Before finding my way in tech, I toiled among other things as a shelf-stacker, recruiter, salesperson, waiter, bartender, manager and student. When I contrast my meandering path with my grandfather’s, I can’t help but notice we both struggled but in different ways. He more or less committed himself to his business to make money for his family, which was the brief society handed to him as a man and father. If he had other options, he didn’t tell me about them. If there were unrealised possibilities this pathway eschewed, he didn’t complain about them. He just did his job and showed up the way society expected him to.
By contrast, my millennial ass went to therapy a few years ago to talk about the anxiety my career path was causing me. Yes it was a bit pathetic, but it’s because I can also see clearer than my grandfather the many paths not taken. My information feed is stacked to the brim with success stories and the crack-cocaine of helplessly comparing myself to strangers online. I’m hardly alone in this; modern identity is so multi-faceted, so caked in possibility on professional, sexual, personal and spiritual vectors that the miracle might actually be that anyone at all has a genuine, authentic connection with who they are.

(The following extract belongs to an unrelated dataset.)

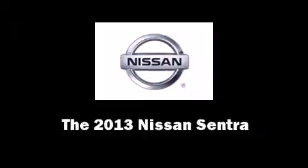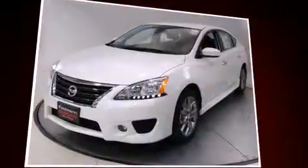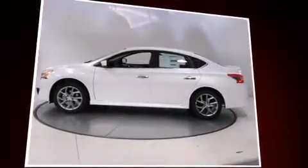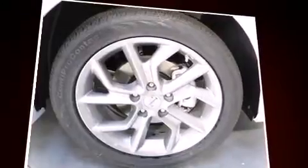Climb inside the 2013 Nissan Sentra. This four-door, five-passenger sedan is waiting for you to take home. It features an automatic transmission, front-wheel drive, and a 1.8-liter four-cylinder engine.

It’s the blessing and curse of progress. The pervasive, modern sense of anxiety may actually be a sign that liberalism has done its job, that while we want the freedom to choose freely, we’ve also lost some of the guidewires that nudged us toward well-lit pathways, if not greater growth. The final contract with the paradox of possibility, the reality that we must make mutually exclusive choices, can only be with ourselves. It is what liberalism is supposed to facilitate; the emergence of truer connections with who we really, actually are beyond the confines of whatever society says it ought to be. We trust that what is truly, actually good for the goose is truly, actually good for the gander.
When we’re able to see the other paths being trod, and know in our bones why we’re on the one we’re on, we grow a little closer to ourselves, a little calmer and more secure. People can smell that self-assurance a mile away. We feel it pulsating from the other, and we want it - crave it, in the digital world - so badly for ourselves.
It’s intoxicating. It’s magnetic. It’s hot. And it’s never been harder to obtain.